Comprehensive Skill Library with Recursive Decomposition: A DAG-based mechanism that automates prerequisite resolution for complex tasks, drastically reducing LLM overhead and improving execution efficiency.
Empirical Validation: Extensive experiments in Minecraft demonstrating a paradigm shift from serialized deliberation to parallelized interaction.

4. Experimental Results

The framework was evaluated on three benchmark task categories in Minecraft:

Resource Collection:
- Compared multi-agent (3 agents) vs. single-agent baselines.
- Result: The parallelized multi-agent system significantly reduced completion times (e.g., Diamond Armor: 13.7 min vs. 28.3 min for single agent).
Boss Combat (Elder Guardian, Wither, Ender Dragon):
- Evaluated success rates and health ratios across different team sizes (3 to 20 agents).
- Result: High success rates (up to 100% with 10-20 agents). The system successfully adapted to dynamic boss mechanics (e.g., switching to melee when the Wither becomes immune to ranged attacks).
Adversarial PVP:
- Direct comparison between the Parallelized framework and a Serialized baseline in 2v2 and 3v3 battles.
- Result: The parallelized framework achieved a significantly higher victory rate.
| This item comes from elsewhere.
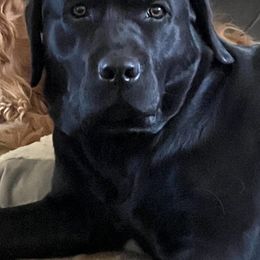 Labrador Retrievers from A Dog’s Life Farm
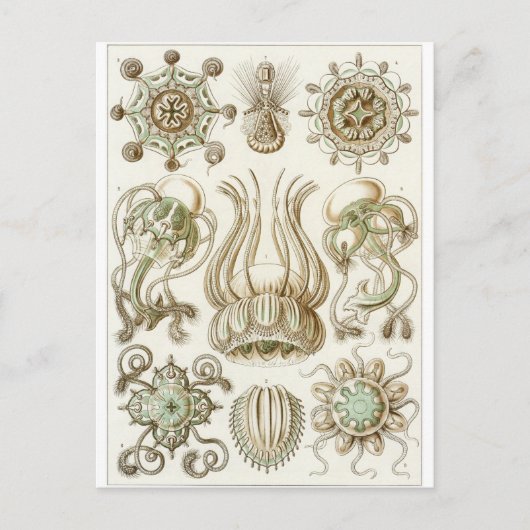 Ernst Haeckel Art Postcard: Narcomedusae Postkarte (Vorderseite)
The interruption mechanism was identified as the key factor, allowing agents to instantly switch targets or prioritize healing when under attack, whereas serialized agents were often "stuck" in previous actions.
Ablation Studies:
- Removing the recursive task decomposition caused a failure in complex tasks.
- Removing the parallelized framework (reverting to serialization) drastically reduced success rates in combat scenarios.
- Removing the centralized memory system led to poor coordination and lower efficiency.
Scalability:
- Tests with 5–50 agents showed that inference time stabilizes rather than growing linearly, and token costs grow approximately linearly, confirming the system's scalability.

5. Significance

This work addresses a critical limitation in current LLM-based MAS: the inability to operate effectively in non-paused, dynamic environments. By introducing a parallelized architecture with interruptible execution, the authors enable agents to:

React to environmental changes in real-time without waiting for a full planning cycle.
Coordinate more effectively through up-to-date shared memory.
Execute complex, multi-step tasks efficiently by offloading dependency resolution to a structured skill library.

The framework sets a new standard for embodied AI in open-world games and offers a generalizable approach for deploying multi-agent systems in any dynamic, real-time domain where responsiveness is crucial.